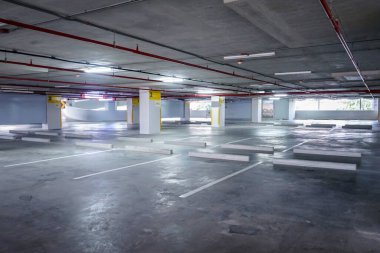 Öğleden sonra binada boş bir uzay aracı park ediyor.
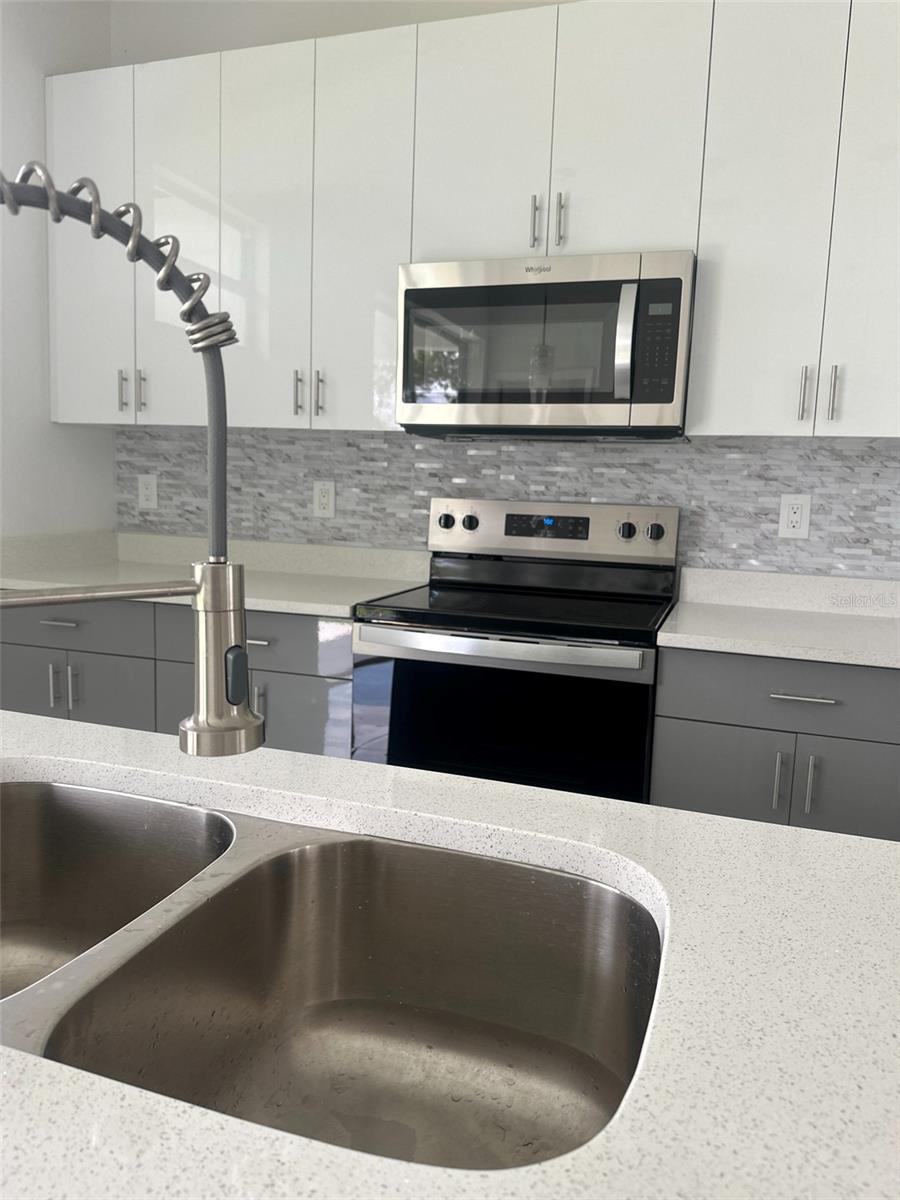 Image 7 of 23 For 406 Genoa Avenue S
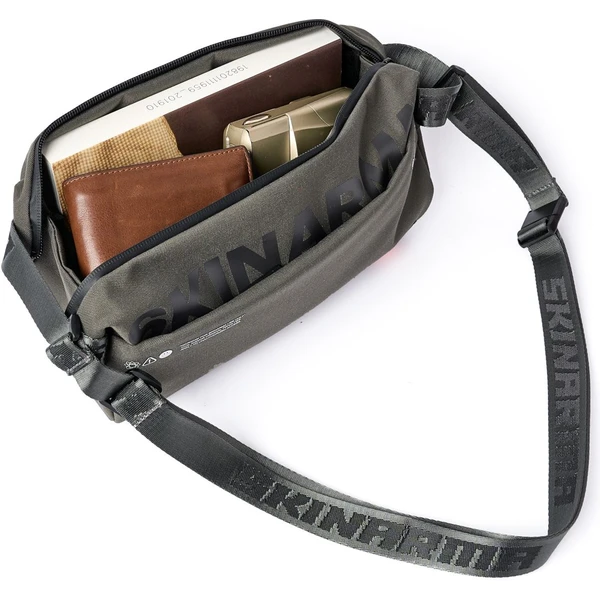SKINARMA Fardel Crossbody olivově zelené - Popruhy a crossbody - Obrázek YY93000J01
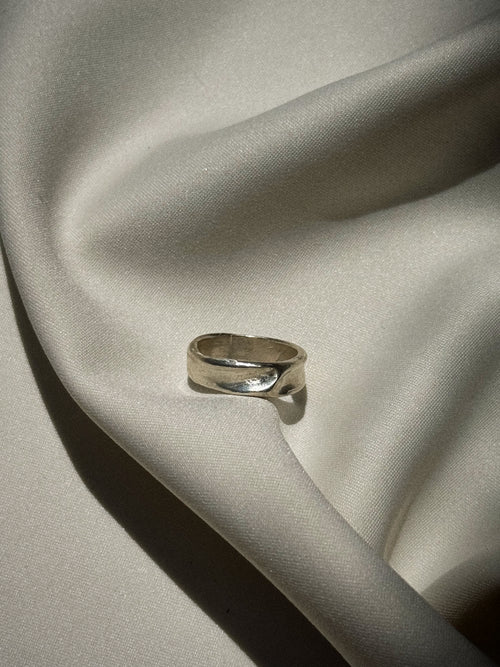 Bond ring
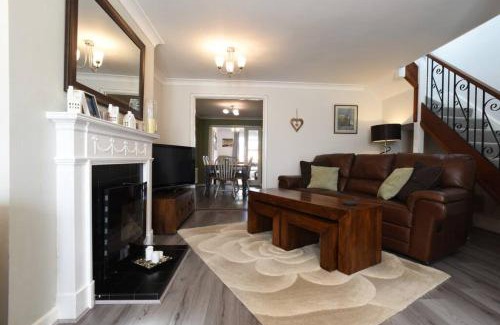 Alverstoke Casa | Spacious Family Home Sleeps 6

Aim of the exercise: Leaving the pictures aside, output each entry above exactly as written.

Exercise answer:
 Öğleden sonra binada boş bir uzay aracı park ediyor.
 Image 7 of 23 For 406 Genoa Avenue S
SKINARMA Fardel Crossbody olivově zelené - Popruhy a crossbody - Obrázek YY93000J01
 Bond ring
 Alverstoke Casa | Spacious Family Home Sleeps 6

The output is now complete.